Omit all images, then repeat exactly the lines below from the one containing "بجاية: مافيا نهب" through the one containing "Stylish Astronaut Space", both ends included.

- DATA SHOWN:
[Start of section]
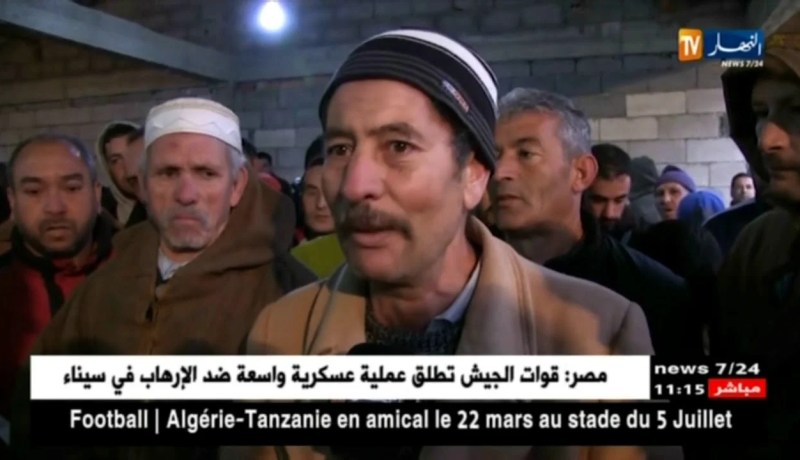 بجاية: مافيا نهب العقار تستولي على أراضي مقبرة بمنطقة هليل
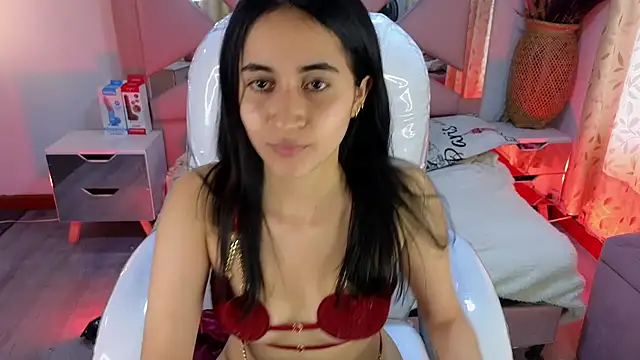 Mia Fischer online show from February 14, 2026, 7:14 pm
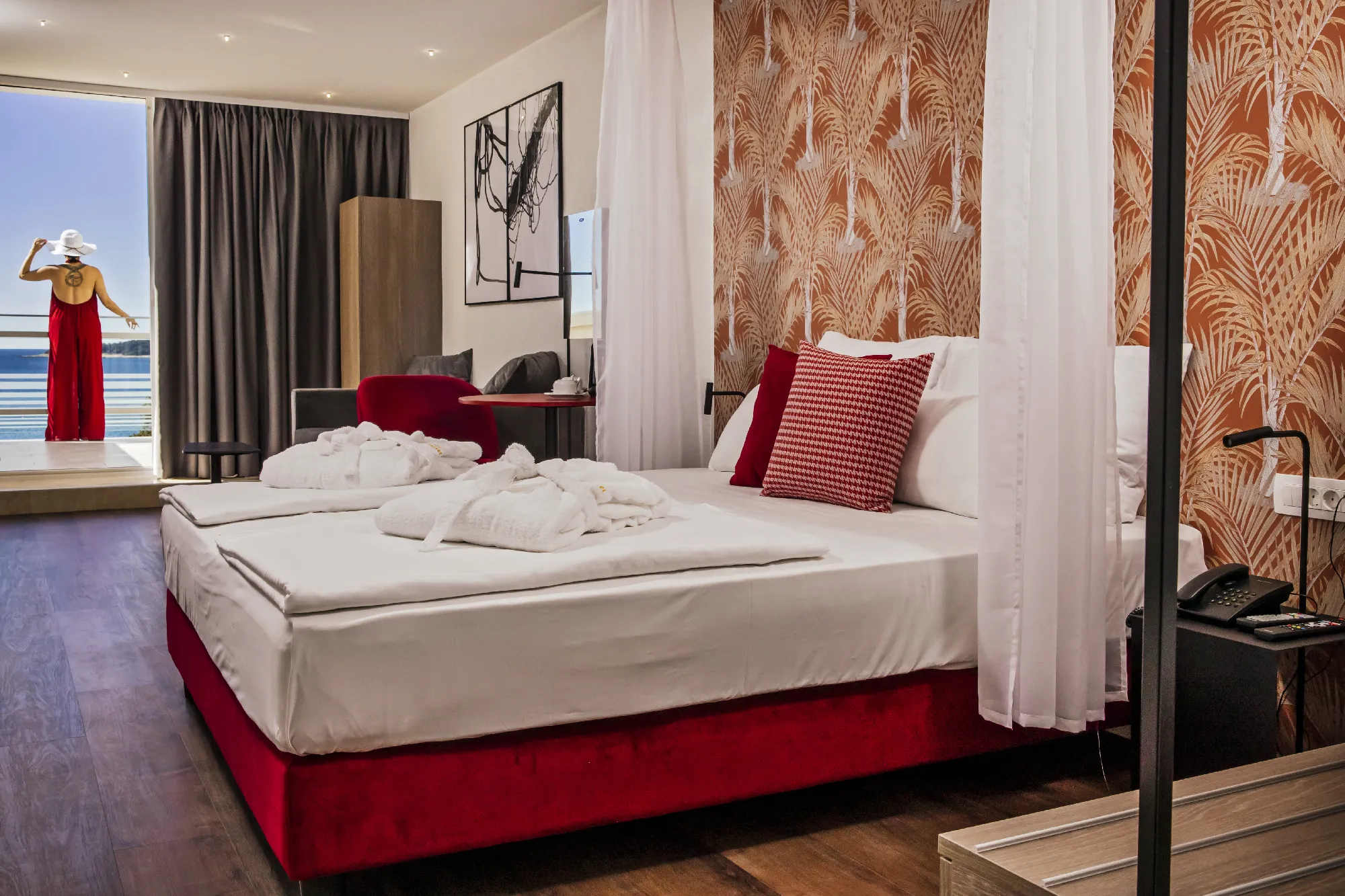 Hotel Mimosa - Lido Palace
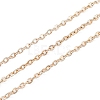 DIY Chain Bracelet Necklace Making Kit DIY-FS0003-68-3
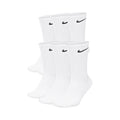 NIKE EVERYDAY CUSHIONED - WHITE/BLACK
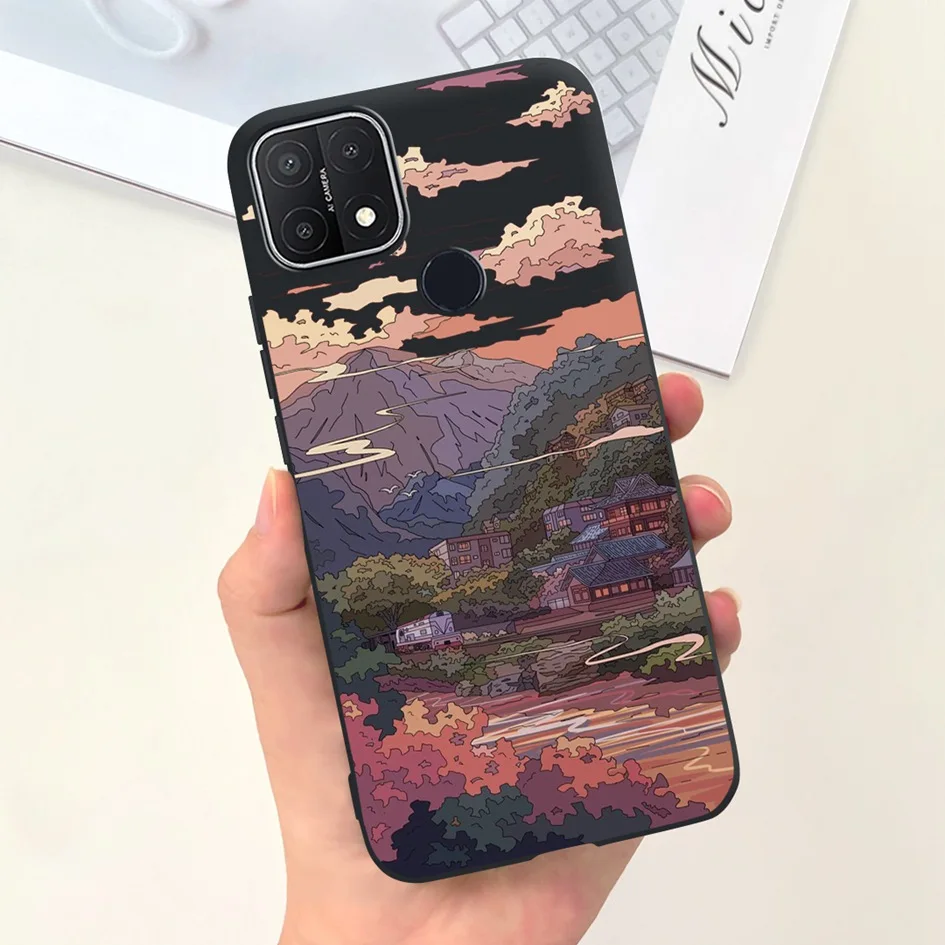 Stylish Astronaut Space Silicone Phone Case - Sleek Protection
[End of section]
[Start of section]
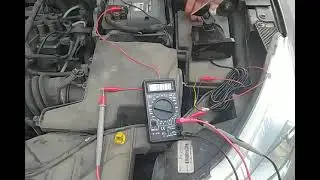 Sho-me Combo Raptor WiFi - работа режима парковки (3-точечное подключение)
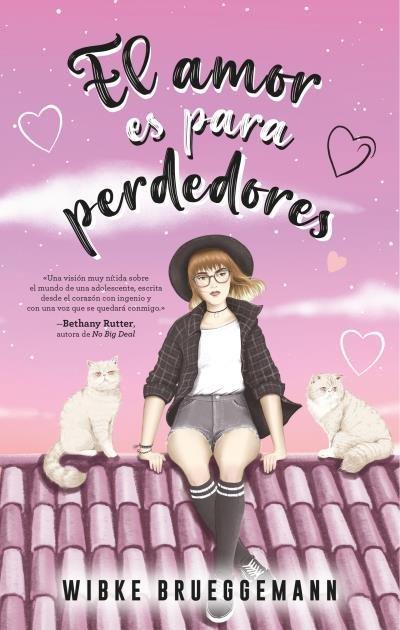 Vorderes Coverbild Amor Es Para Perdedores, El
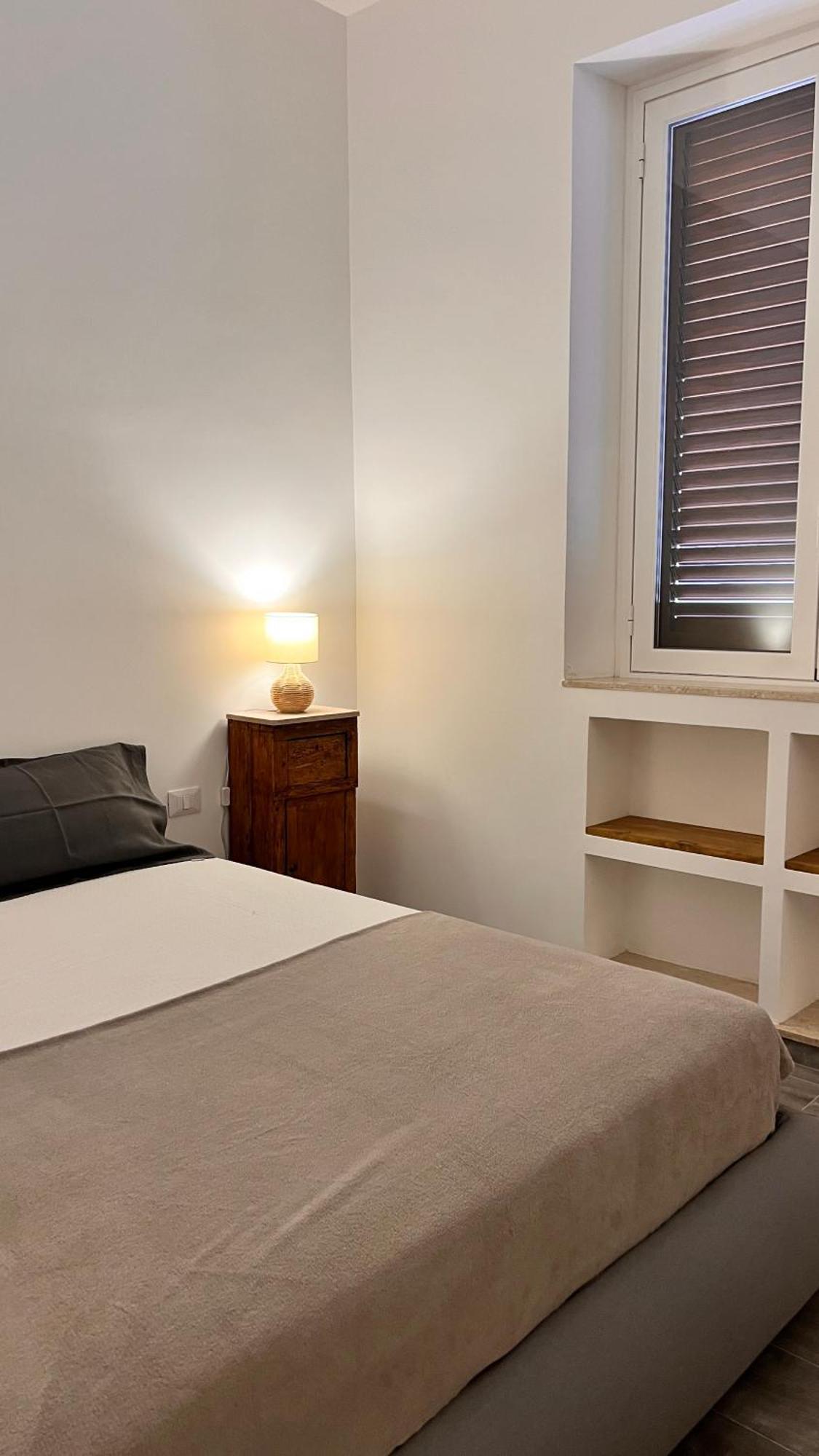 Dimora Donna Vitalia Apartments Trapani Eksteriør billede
[End of section]
- SOLUTION:
 بجاية: مافيا نهب العقار تستولي على أراضي مقبرة بمنطقة هليل
 Mia Fischer online show from February 14, 2026, 7:14 pm
 Hotel Mimosa - Lido Palace
 DIY Chain Bracelet Necklace Making Kit DIY-FS0003-68-3
 NIKE EVERYDAY CUSHIONED - WHITE/BLACK
 Stylish Astronaut Space Silicone Phone Case - Sleek Protection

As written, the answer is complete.